Since we are very partial to baked cheese, and since we like nice articles of pottery anyway, we bought this fine specimen in Vancouver. It is locally made by a man called D'arcy Margesson, working in Victoria, BC, on Vancouver Island. Here's a link....
Whilst it may not be used for its intended primary purpose very frequently, I reckon this will be a useful multi-purpose dish anyway.
Here's a recipe for using the Brie-baker...
Use a suitable cheese. Brie; Camembert; Tunworth etc. (Tunworth is a local cheese for us. Made in Hampshire). Needs to be of a suitable size!
Remove the cheese from any packaging and place it in the baker.
Top it with a spoonful of honey and a couple of sprigs of fresh thyme.

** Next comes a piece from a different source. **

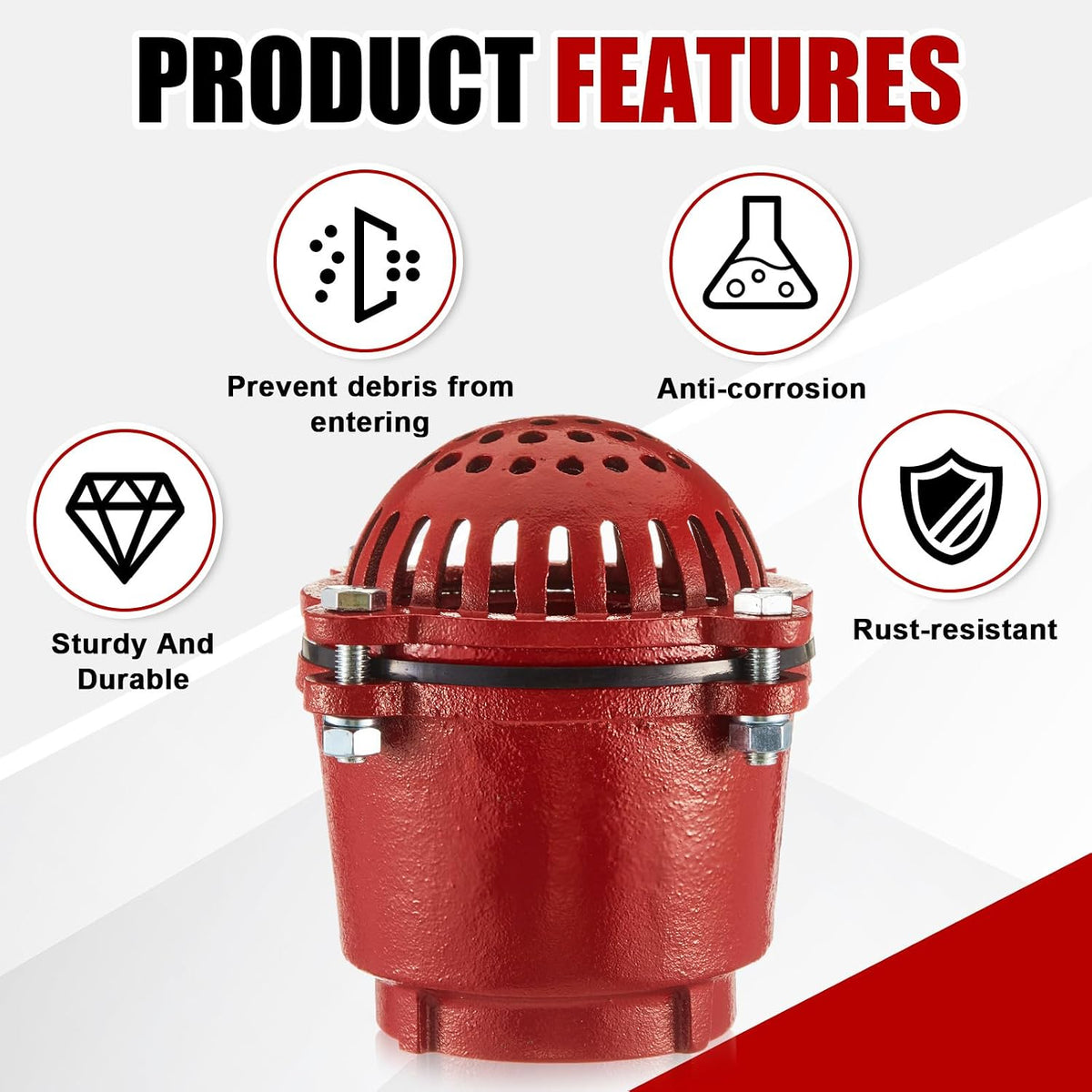 Cast Iron Foot Valve, NPT Threaded Check Valve with Strainer, 4 Inch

Cover it with the baker's lid or if it doesn't have one, some kitchen foil.
|The cheese with the honey and thyme added|
Once the oven reaches full temperature, you will need to leave it for approx 15 - 20 minutes until the cheese goes nice and soft. You should look at it every 5 minutes or so just to be sure it is not getting TOO hot. You don't want it to go dry or brown.
When the cheese looks / feels fairly gooey, remove the baker from the oven.
With a sharp knife, cut a big cross in the top of the cheese rind, allowing access to the soft part in the middle.
Add a bit more honey, some nuts, some cranberry sauce or whatever you feel is appropriate. We had our with some Membrillo (Quince jelly) that was left over from when we had had some Spanish-style Tapas.
Dip up the cheese with some nice (preferably home-made) bread.